ACTION ITEM: Omit all pictures and transcribe only the lines in the entries below that run from the line with "Добровольцы очищают мемориальный" through the line with "Encuentran la caja".
========================
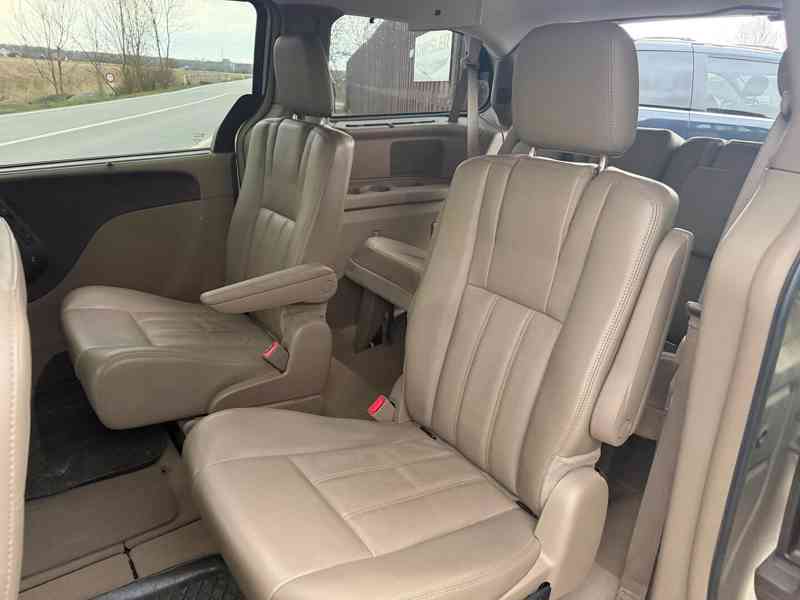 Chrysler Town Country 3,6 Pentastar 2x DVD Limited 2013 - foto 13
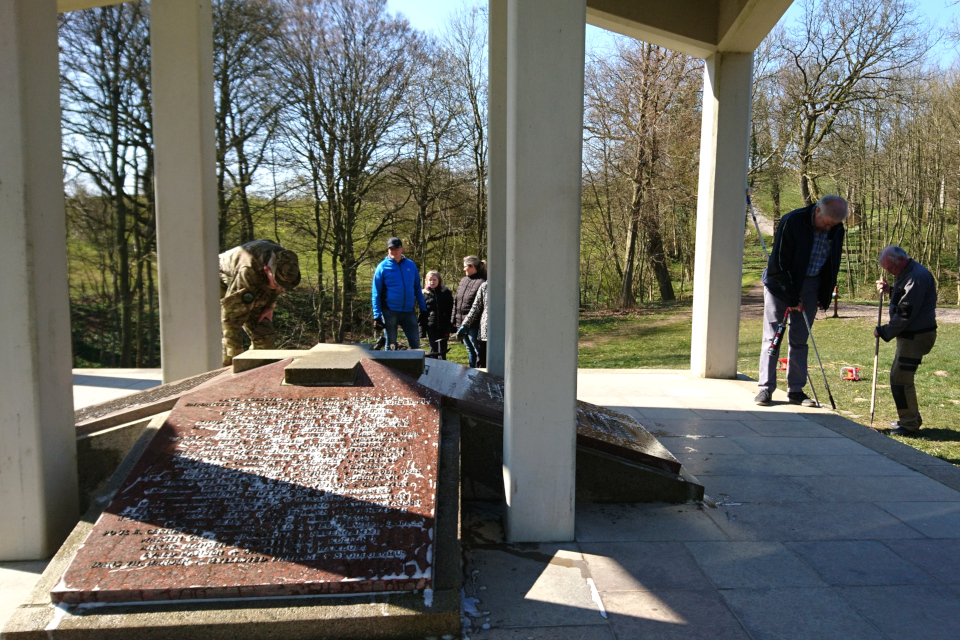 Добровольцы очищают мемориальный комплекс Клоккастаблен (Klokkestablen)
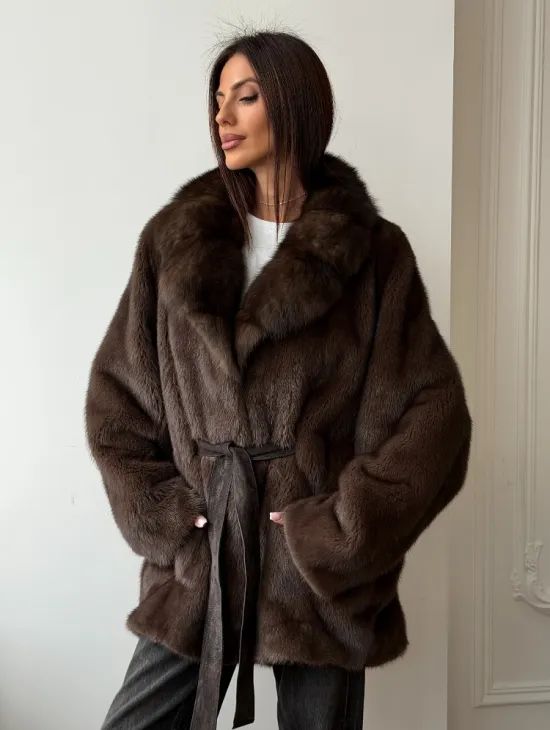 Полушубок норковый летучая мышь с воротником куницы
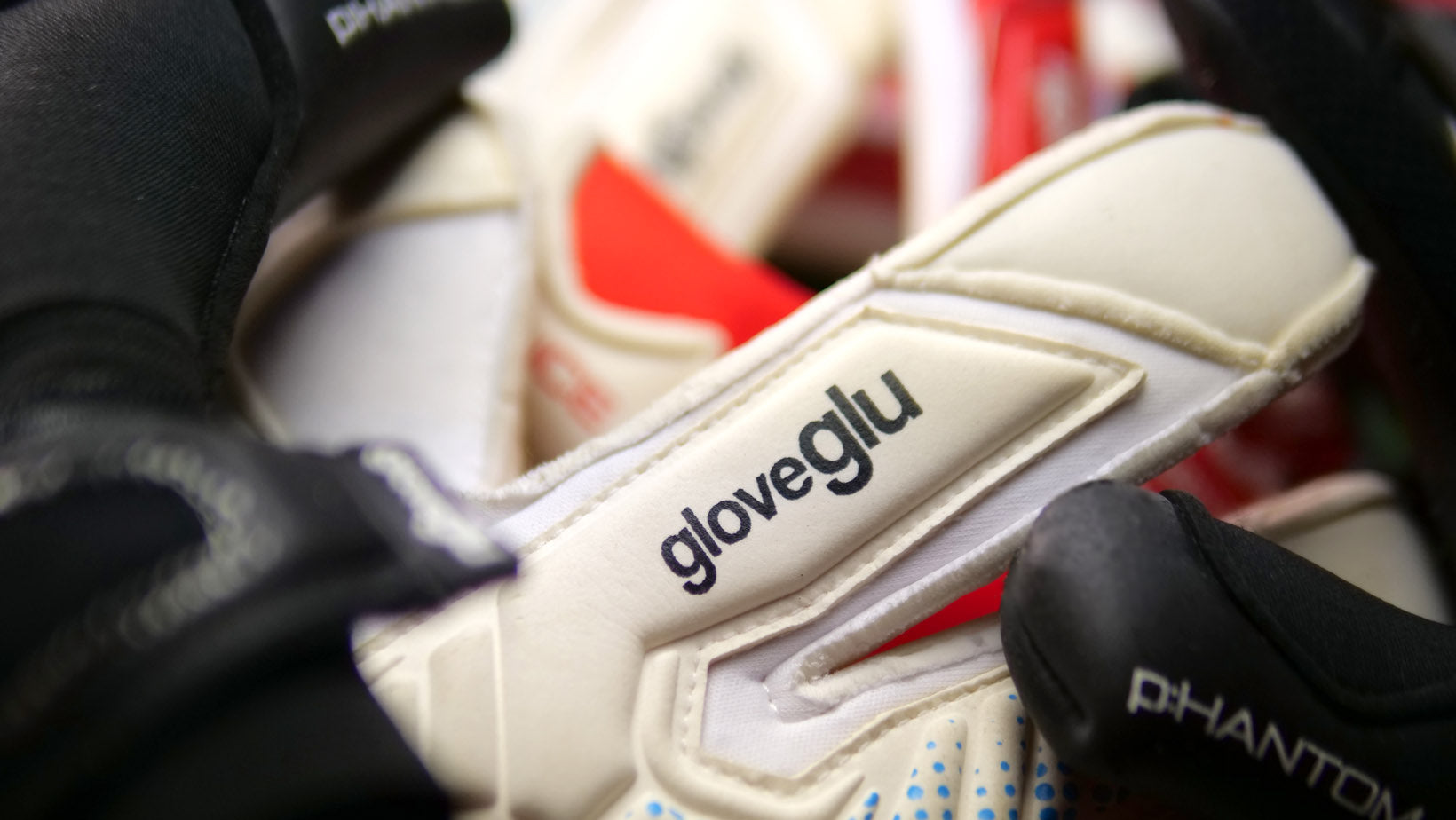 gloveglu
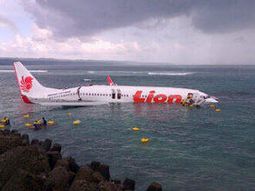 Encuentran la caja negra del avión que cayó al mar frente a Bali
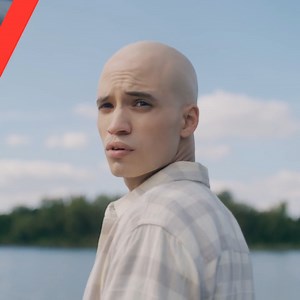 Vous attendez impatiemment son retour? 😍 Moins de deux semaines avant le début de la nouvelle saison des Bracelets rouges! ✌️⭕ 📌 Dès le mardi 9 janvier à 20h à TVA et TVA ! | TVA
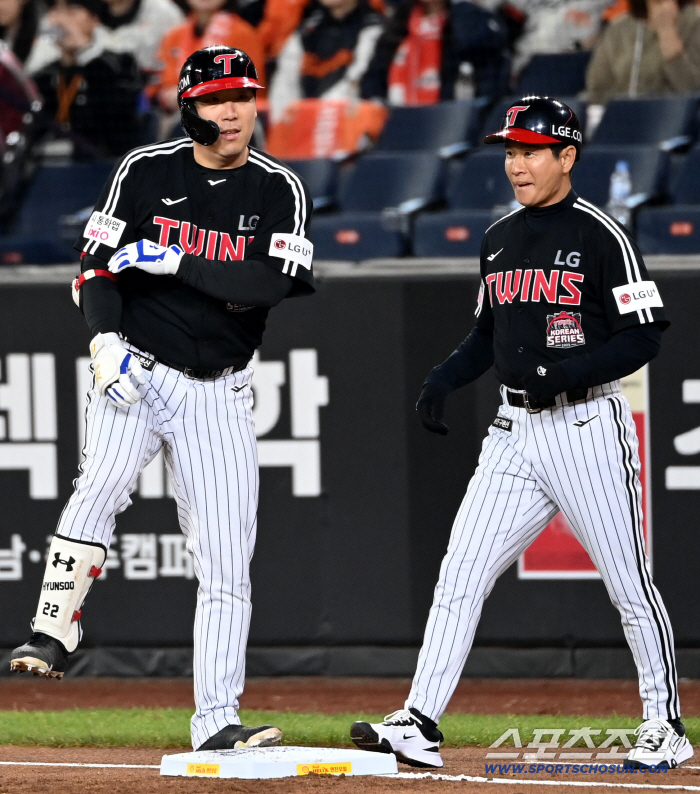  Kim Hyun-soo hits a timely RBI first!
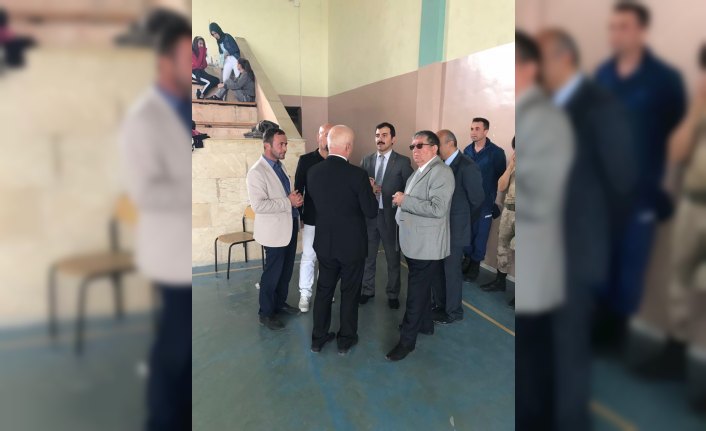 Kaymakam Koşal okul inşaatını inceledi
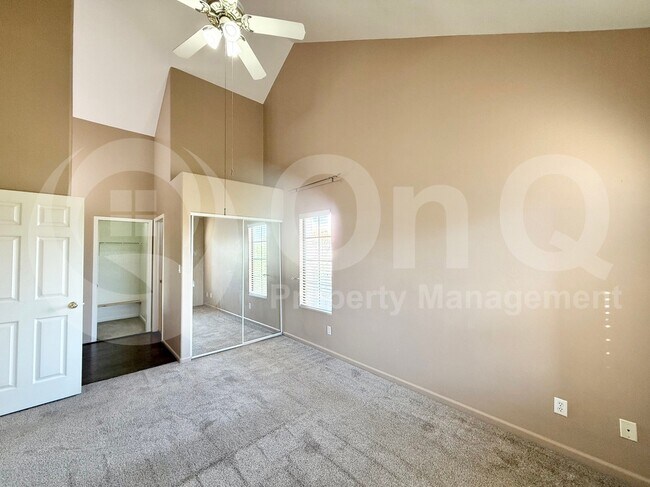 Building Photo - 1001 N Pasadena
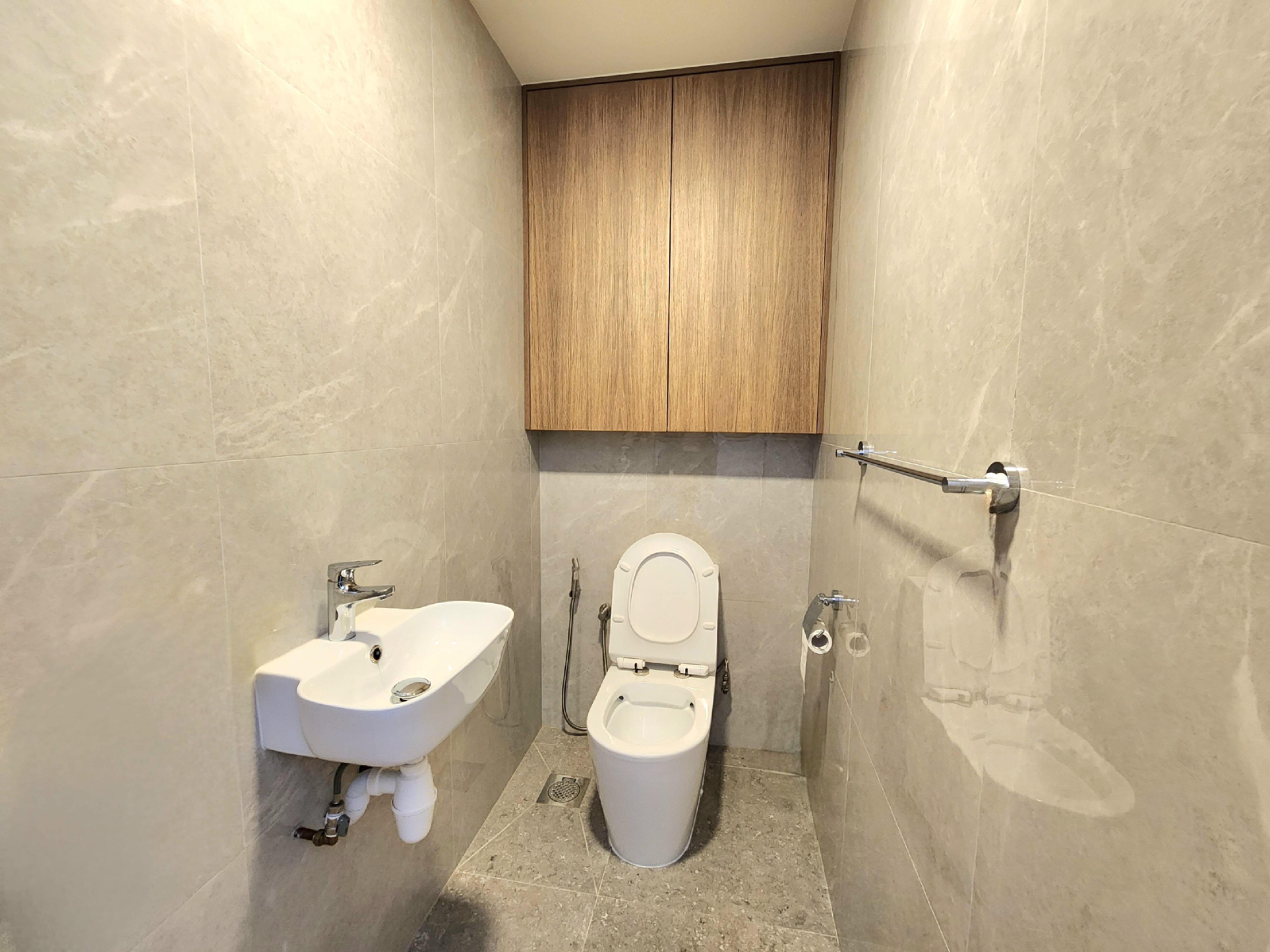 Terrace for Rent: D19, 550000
========================
EXERCISE ANSWER:
 Добровольцы очищают мемориальный комплекс Клоккастаблен (Klokkestablen)
 Полушубок норковый летучая мышь с воротником куницы
 gloveglu
 Encuentran la caja negra del avión que cayó al mar frente a Bali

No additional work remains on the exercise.